The events leading up to the arrest of Dr. Devyani Khobragade are complex. Charges of fraudulent diplomatic filings are taken very seriously by the U.S. State Department. The manner of her arrest, however, considering the Indian government’s stated attempts to resolve the matter before it escalated into a major incident may seem like a snub to the ally nation. The additional considerations of the allegations, and Dr. Khobragade’s diplomatic status, as they are currently being reported in the news media, has many officials in India highly offended. How this affects U.S.-India international relations may be determined by the final outcome of this highly criticized arrest.
As it stands now, U.S. diplomats are already being denied meetings with Indian congressional party members. Reuters reports that Narendra Modi, the candidate for India’s prime ministerial office for the opposition Bharatiya Janata Party as well as Rahul Gandhi, the Nehru-Gandhi family’s scion that leads the ruling Congress party, both declined any meeting with a recent U.S. delegation.

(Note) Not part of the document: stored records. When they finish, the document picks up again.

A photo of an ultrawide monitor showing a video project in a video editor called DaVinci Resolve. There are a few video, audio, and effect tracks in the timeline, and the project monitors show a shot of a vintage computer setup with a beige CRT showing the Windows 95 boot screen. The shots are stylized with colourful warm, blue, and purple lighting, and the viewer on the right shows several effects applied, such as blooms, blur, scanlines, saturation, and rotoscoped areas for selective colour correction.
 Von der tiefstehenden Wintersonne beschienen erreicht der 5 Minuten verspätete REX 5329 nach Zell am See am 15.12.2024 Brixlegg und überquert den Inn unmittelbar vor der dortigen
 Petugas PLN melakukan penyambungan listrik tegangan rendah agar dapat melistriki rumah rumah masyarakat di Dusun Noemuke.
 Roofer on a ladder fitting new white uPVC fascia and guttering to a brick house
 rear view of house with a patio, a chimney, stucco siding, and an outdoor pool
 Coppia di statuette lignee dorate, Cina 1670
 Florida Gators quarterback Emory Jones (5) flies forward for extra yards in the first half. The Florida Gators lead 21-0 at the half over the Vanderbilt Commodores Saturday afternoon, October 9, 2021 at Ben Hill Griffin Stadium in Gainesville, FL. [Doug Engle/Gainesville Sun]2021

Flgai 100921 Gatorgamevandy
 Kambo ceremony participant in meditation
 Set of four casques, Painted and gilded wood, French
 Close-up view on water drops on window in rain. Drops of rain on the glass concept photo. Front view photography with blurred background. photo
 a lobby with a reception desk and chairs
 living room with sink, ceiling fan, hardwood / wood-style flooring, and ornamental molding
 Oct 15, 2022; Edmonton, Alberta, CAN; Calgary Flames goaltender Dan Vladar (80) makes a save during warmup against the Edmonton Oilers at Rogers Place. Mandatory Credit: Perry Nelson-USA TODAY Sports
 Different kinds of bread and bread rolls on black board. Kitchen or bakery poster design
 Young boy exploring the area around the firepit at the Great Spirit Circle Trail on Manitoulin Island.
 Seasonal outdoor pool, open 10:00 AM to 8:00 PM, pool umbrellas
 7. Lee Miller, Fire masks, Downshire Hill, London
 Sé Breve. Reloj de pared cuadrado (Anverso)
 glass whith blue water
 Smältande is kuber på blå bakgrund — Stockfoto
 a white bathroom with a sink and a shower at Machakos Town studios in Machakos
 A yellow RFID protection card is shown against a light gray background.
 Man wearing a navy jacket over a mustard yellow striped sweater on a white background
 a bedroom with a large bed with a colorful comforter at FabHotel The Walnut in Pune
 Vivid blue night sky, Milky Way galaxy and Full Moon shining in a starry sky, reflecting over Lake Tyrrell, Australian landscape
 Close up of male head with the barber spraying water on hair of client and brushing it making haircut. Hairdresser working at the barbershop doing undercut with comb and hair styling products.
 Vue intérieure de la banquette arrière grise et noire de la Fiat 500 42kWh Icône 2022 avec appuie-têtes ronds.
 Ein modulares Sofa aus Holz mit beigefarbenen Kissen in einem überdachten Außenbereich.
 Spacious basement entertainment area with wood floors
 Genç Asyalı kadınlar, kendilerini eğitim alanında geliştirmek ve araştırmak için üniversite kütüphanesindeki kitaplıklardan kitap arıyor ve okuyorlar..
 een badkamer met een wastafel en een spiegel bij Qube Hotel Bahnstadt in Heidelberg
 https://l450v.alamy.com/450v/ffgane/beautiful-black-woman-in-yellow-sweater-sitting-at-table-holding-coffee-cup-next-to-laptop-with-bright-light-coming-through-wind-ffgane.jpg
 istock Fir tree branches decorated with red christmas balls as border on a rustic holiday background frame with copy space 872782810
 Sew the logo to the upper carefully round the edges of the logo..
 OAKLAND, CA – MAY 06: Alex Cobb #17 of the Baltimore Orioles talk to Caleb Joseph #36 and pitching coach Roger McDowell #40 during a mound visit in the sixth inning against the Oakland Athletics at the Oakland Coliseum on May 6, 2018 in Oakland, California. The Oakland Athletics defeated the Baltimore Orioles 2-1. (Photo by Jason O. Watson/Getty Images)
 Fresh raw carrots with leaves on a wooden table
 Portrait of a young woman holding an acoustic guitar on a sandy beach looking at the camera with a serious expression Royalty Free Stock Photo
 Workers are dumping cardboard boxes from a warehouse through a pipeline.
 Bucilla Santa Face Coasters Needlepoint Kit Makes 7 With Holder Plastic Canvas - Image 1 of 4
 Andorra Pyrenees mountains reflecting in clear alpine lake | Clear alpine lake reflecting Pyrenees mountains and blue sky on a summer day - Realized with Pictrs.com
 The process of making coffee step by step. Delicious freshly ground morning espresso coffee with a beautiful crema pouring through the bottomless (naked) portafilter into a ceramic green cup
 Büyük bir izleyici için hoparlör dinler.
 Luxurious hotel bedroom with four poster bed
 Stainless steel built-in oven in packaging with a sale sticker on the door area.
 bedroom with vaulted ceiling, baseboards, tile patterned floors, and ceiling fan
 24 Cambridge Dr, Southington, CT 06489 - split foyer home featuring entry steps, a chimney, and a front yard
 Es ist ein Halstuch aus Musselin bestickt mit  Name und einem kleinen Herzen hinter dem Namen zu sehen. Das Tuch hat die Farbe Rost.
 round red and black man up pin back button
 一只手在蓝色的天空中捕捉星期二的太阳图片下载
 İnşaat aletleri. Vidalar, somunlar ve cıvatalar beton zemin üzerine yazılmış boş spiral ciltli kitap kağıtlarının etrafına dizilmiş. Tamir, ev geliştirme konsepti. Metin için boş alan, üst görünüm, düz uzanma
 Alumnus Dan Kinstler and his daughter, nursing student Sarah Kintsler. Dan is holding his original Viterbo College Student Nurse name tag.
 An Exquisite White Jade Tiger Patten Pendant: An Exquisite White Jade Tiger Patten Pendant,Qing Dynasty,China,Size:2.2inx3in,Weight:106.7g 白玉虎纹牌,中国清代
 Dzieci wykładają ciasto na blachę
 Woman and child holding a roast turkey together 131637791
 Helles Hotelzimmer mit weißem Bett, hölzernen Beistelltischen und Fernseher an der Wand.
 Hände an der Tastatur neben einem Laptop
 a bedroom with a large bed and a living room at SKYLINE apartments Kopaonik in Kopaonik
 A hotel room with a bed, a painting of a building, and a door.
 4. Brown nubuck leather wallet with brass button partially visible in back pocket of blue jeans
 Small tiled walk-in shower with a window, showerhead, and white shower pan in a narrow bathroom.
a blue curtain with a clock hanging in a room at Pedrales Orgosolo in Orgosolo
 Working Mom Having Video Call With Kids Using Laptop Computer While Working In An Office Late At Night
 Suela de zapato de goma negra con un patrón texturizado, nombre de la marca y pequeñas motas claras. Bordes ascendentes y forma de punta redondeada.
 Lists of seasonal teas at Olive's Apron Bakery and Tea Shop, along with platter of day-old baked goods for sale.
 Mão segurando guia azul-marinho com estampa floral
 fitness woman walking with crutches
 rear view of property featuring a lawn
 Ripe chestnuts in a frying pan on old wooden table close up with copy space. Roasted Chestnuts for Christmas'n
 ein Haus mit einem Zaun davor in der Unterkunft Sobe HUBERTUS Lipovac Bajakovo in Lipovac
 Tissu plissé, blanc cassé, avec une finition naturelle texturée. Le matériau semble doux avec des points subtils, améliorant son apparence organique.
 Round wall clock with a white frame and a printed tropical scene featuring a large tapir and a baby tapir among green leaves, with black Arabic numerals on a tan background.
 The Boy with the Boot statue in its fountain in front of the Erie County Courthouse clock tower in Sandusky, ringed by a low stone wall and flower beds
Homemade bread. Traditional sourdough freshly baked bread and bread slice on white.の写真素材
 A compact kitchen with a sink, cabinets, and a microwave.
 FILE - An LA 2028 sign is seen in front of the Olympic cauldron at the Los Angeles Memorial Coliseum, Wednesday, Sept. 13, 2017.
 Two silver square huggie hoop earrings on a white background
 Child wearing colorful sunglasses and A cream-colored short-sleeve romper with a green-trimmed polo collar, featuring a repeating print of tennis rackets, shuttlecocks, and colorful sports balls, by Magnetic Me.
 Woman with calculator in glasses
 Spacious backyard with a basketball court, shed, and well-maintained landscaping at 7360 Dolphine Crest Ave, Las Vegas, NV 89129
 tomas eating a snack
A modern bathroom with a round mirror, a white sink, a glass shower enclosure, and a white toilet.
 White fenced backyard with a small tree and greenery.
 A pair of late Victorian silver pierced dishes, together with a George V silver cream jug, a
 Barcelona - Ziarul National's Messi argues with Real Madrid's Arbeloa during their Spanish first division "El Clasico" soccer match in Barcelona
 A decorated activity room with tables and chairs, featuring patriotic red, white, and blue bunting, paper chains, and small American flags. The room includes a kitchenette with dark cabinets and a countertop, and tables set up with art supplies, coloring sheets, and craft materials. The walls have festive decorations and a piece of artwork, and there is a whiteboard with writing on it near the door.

One thing seems clear, though. Both India and the United States, are taking firm positions on the arrest. Tensions are high as India begins to take what it calls “the next steps” necessary to resolve the matter as quickly as possible, while the U.S. stands firmly in defense of its public arrest, strip searching, and incarceration of a foreign official residing in New York City.
The ultimate fate of the deputy consul general of New York, the resulting international consequences of her alleged actions, and the final response by India’s government will be closely watched by the international community.
As details emerge, the world will wait to see if they answer any of the lingering questions surrounding this case. Why the U.S. State Department took action on the diplomat from India for what appears to be a domestic wage dispute has many wondering if there isn’t more to the story.